- What to work on -
Look below for the line that contains "Bank, education, finance, note", then quote it and all the lines after it, exactly, with the pictures left out.

- Records excerpted from a collection -
-------------------------

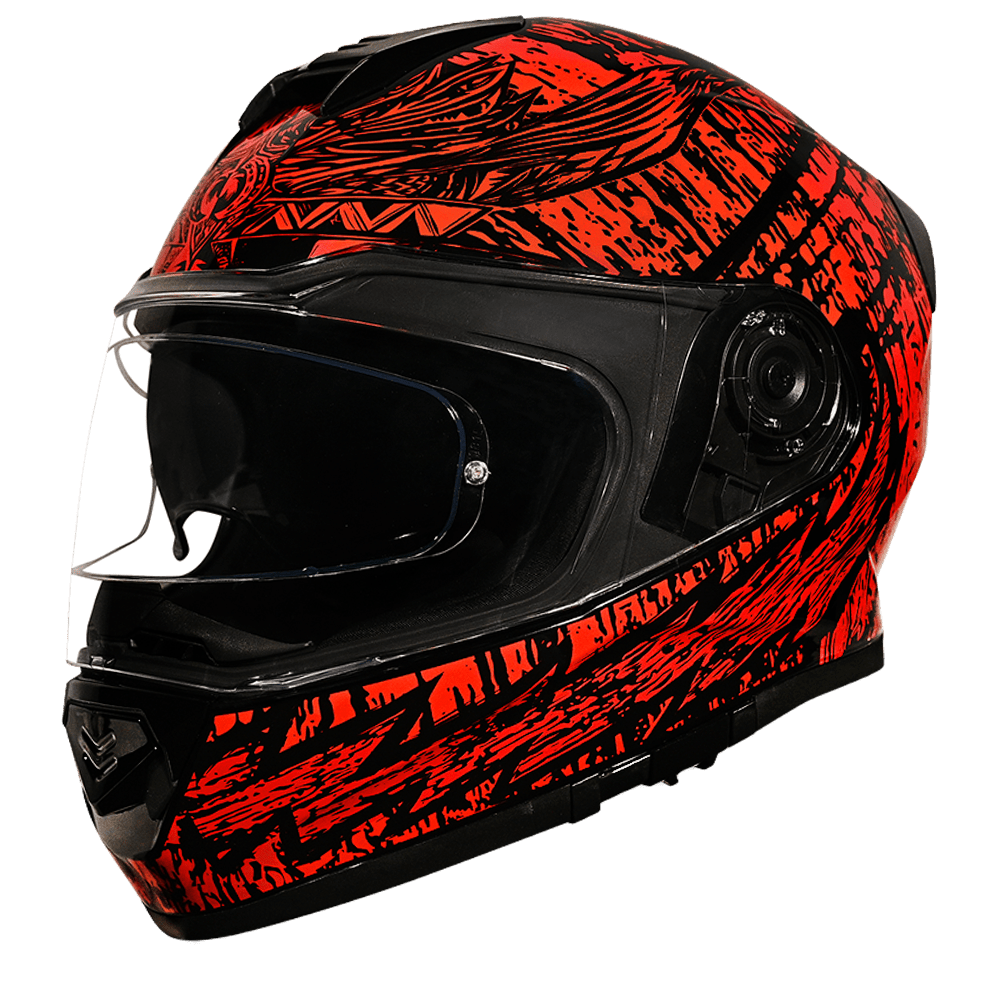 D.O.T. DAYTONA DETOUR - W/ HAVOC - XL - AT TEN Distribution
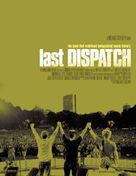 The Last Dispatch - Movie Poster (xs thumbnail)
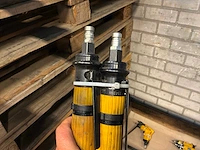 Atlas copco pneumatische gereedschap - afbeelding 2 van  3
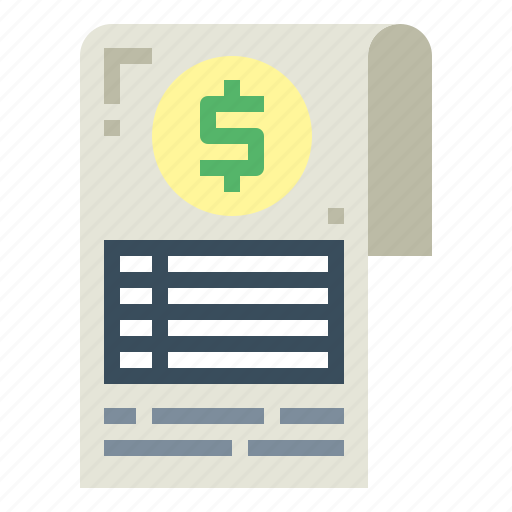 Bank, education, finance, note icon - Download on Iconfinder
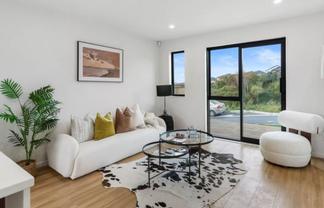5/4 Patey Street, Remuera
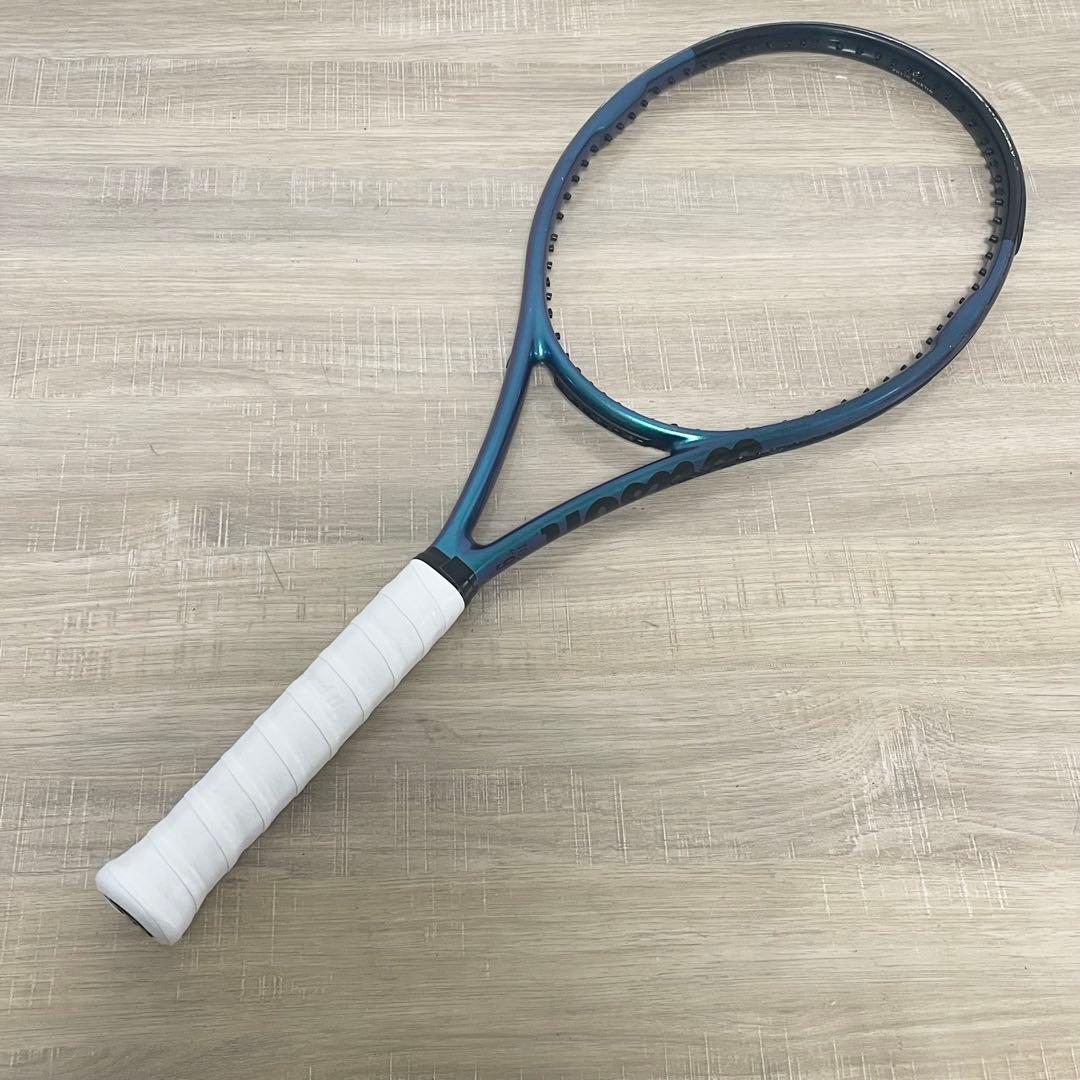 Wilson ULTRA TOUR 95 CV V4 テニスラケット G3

-------------------------

- Solution to this problem -
 Bank, education, finance, note icon - Download on Iconfinder
5/4 Patey Street, Remuera
 Wilson ULTRA TOUR 95 CV V4 テニスラケット G3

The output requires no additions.